Nor would this be the last time that Aetius made use of Hun auxiliaries. In the 420s and 430s C.E., Hunnic mercenaries appeared regularly as mobile enforcers working on behalf of Aetius and the Romano-Gallic aristocracy seeking to reestablish their authority in Gaul.

After the death of Octar, Rugila became sole ruler of the Huns—as far as we can tell, the first person to indisputably hold that position. He mostly interacted with the eastern half of the Roman Empire, sending diplomatic missions to Constantinople fairly regularly.

The most commonly contested issue at play seems to have been the status of fugitives who’d fled into Roman territory. The Romans were reluctant to return such fugitives to the Huns—both for practical reasons (because they were useful as soldiers) and on humanitarian grounds, as some had converted to Christianity.

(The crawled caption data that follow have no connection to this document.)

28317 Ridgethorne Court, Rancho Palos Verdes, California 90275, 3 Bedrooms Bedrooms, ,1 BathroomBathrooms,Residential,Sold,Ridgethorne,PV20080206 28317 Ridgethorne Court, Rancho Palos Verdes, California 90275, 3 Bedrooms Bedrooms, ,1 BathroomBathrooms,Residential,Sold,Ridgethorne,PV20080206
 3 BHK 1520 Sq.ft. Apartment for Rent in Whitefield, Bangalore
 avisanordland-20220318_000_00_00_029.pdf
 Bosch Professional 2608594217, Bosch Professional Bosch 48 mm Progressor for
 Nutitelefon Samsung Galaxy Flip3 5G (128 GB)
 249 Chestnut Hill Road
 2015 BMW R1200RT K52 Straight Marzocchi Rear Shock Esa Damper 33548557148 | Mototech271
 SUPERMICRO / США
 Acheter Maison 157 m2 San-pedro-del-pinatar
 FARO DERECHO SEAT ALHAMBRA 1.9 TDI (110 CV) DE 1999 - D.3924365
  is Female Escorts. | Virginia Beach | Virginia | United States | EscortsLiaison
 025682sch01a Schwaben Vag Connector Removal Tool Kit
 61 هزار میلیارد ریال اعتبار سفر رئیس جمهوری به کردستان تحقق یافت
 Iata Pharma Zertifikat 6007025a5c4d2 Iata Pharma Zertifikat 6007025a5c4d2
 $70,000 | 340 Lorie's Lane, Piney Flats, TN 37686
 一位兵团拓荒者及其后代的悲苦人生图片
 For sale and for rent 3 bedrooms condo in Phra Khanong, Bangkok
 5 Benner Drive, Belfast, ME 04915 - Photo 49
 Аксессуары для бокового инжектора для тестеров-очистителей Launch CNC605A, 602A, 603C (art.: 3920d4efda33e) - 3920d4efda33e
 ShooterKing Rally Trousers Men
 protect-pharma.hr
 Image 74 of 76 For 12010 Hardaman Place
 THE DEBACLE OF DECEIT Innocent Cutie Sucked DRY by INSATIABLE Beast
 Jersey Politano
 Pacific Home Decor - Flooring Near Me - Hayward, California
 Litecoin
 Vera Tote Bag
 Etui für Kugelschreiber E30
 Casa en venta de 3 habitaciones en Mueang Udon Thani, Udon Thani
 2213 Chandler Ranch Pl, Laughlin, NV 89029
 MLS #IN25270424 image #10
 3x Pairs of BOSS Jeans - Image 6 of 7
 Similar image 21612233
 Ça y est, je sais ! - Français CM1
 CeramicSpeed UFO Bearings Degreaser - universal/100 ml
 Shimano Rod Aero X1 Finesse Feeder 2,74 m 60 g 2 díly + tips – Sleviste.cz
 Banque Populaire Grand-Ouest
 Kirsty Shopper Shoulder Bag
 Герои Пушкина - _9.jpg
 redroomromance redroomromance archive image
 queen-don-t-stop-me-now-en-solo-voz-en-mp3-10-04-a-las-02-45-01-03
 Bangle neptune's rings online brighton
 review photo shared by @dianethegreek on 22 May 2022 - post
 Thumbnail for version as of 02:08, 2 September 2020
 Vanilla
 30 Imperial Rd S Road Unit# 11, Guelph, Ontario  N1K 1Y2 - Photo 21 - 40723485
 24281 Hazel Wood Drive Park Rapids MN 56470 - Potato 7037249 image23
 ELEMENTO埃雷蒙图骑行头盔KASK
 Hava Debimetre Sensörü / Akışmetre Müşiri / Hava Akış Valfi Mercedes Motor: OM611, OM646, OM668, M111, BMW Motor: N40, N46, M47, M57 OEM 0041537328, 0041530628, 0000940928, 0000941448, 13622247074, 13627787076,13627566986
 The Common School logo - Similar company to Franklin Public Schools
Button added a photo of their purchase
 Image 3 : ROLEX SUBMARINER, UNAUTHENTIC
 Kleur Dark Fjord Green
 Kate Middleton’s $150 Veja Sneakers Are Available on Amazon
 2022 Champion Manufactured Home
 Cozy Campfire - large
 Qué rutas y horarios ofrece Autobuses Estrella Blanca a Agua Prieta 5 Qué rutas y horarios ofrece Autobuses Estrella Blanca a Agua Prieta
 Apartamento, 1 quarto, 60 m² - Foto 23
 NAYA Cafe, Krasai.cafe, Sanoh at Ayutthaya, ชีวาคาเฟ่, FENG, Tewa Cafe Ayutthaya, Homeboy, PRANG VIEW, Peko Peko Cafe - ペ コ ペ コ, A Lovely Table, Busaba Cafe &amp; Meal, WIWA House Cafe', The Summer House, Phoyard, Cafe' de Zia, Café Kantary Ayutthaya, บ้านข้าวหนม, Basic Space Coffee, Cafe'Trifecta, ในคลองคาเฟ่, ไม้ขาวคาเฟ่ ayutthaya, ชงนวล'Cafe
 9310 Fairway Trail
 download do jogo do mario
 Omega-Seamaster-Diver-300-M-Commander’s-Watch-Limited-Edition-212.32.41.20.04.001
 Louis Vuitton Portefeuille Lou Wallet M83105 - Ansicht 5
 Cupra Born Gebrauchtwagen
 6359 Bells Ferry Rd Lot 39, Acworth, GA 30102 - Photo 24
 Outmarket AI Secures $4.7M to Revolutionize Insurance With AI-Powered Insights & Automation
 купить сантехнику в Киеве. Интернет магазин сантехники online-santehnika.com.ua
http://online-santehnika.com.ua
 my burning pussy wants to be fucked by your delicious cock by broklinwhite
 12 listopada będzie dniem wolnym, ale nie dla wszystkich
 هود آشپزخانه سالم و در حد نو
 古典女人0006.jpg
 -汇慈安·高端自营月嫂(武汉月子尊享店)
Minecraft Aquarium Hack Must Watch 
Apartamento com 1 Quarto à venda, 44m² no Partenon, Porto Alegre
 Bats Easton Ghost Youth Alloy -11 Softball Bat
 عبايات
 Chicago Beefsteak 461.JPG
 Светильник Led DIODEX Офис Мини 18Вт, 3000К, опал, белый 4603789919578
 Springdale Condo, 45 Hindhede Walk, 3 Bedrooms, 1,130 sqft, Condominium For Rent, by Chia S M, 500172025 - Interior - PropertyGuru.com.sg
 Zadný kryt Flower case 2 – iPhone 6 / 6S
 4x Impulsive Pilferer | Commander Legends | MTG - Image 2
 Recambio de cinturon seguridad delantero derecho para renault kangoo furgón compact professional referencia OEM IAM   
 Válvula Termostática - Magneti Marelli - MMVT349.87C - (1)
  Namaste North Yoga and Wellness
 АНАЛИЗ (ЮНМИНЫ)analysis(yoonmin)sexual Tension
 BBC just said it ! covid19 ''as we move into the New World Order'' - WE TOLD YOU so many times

Rugila seems to have gotten his way, however. The fugitives were returned to him, and at least some of them were immediately crucified. (The annual tribute payment was also doubled.)

Just as a unified Gothic nation on Rome’s borders had been an existential problem, so, too, was a unified Hunnic nation. Raiding would continue into the Eastern Empire, always when the legions were otherwise disposed. There were major incursions in 422 C.E., and again in 435 C.E. It seemed that Rugila could do as he pleased.

Theodosius II, who was an adult by the time these latter raids took place, supposedly prayed to be rid of this problem. And the story goes that he was rewarded when the Hun ruler was killed by a thunderbolt in the great tradition of old-fashioned divine smiting—a disaster that was accompanied by plague and infighting among the Huns.

The story about the thunderbolt is obviously quite dubious, and likely was concocted as a means to burnish Theodosius’ status as a divinely blessed figure. But it does appear that Rugila truly died around 435 C.E., whereupon he was succeeded by his two nephews, Bleda and his younger brother Atilla.

Yes, that Atilla. If Rugila’s death truly had been the answer to an Emperor‘s prayer, there can be no better example of that famous adage, “be careful what you wish for.”